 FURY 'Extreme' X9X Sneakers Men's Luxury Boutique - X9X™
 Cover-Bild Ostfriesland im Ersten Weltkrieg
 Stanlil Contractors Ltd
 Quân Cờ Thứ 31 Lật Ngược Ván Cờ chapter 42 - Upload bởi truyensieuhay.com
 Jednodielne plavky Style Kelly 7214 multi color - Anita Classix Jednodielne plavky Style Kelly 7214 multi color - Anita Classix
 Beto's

○ ○ ○ ○ ○

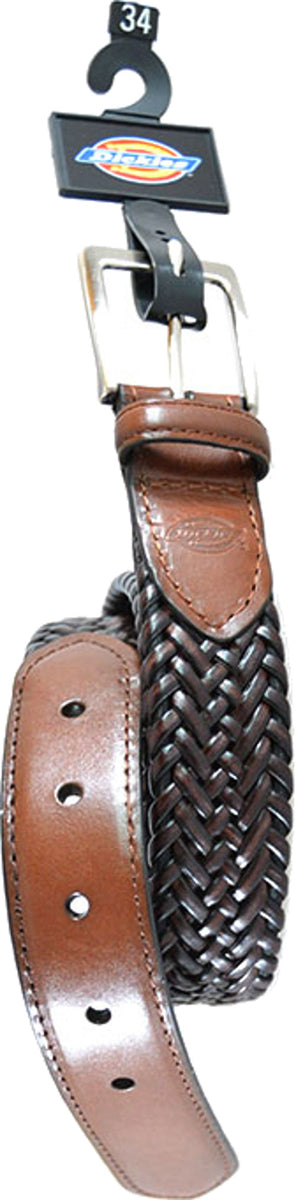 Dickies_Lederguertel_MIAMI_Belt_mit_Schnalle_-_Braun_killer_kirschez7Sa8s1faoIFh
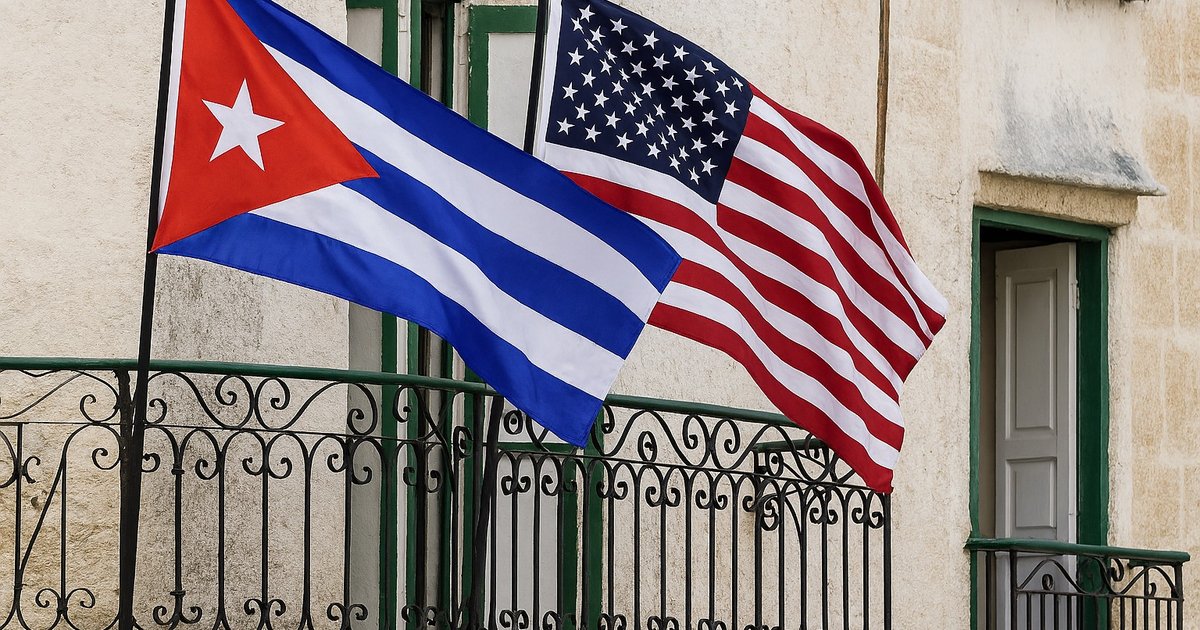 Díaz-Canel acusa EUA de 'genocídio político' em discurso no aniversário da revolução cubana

○ ○ ○ ○ ○

_WHAT IS EXPECTED_. Look above for the line holding "FURY 'Extreme' X9X". Print it and every line after it, exactly, through the line holding "Quân Cờ Thứ".

_ANSWER TO THIS TASK_.
 FURY 'Extreme' X9X Sneakers Men's Luxury Boutique - X9X™
 Cover-Bild Ostfriesland im Ersten Weltkrieg
 Stanlil Contractors Ltd
 Quân Cờ Thứ 31 Lật Ngược Ván Cờ chapter 42 - Upload bởi truyensieuhay.com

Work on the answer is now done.